The Inflation Reduction Act allocated $7 billion to the EPA, to fund a system of competitive grants to states and other entities to establish or expand "Solar for All" programs that support deployment of solar and energy storage to benefit low-income and disadvantaged communities. Implemented as part of the Inflation Reduction Act’s Greenhouse Gas Reduction Fund (GGRF), the EPA program will award up to 60 grants to states, territories, Tribal governments, municipalities, and eligible nonprofits to create and expand low-income solar programs that provide financing and technical assistance, such as workforce development, to enable low-income and disadvantaged communities to deploy and benefit from residential solar.

According to EPA, the Solar for All program advances President Biden’s Justice40 Initiative, a program seeking to allocate 40% of the overall benefits of certain Federal investments to disadvantaged communities that are marginalized, underserved, and overburdened by pollution.
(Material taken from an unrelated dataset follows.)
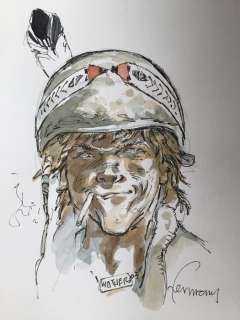 Hermann | Hermann - Dessin original couleur - Kurdy Malloy | Catawiki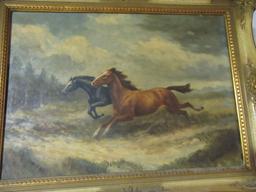 GOLD FRAMED RUNNING STALLIONS OIL ON CANVAS BY EXNER. FRAME HAS SOME CHIPS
EPA also cites the program as supporting the administration's goal of achieving a carbon pollution-free power sector by 2035 and net zero emissions economy by no later than 2050.

In Maine's proposal, the state energy office proposed three new programs:  

  • New incentives for residential rooftop solar and energy storage serving affordable multifamily housing and single-family homes of low-income households and those located in Federally-defined disadvantaged communities in Maine, to minimize financial barriers to rooftop solar benefits; 
  • New technical and financial assistance to support cooperatively-owned community solar enabling households, resident-owned communities, Tribal communities, and community-based organizations, to participate in solar energy ownership without barriers of homeownership or rooftop suitability; and 
  • A new community solar and energy storage program focused on serving low-income and disadvantaged households, utilizing competitive bidding and aligning with existing energy assistance programs to minimize costs and maximize benefits delivered directly to households through lower electricity bills while building energy resilience.

According to the energy office, full funding by EPA of Maine’s Solar for All proposal "will enable an estimated 38,000 low-income and disadvantaged households to access solar by supporting rooftop projects on owner-occupied and rental residences across the state, as well as cost-effective community solar to enable energy savings for low-income households." 

Applications by states and others were due to EPA this past fall. Announcements of awards could be made as early as March 2024, with EPA anticipating beginning to make awards in July 2024. The Inflation Reduction Act requires EPA to award all Solar for All funds by September 30, 2024.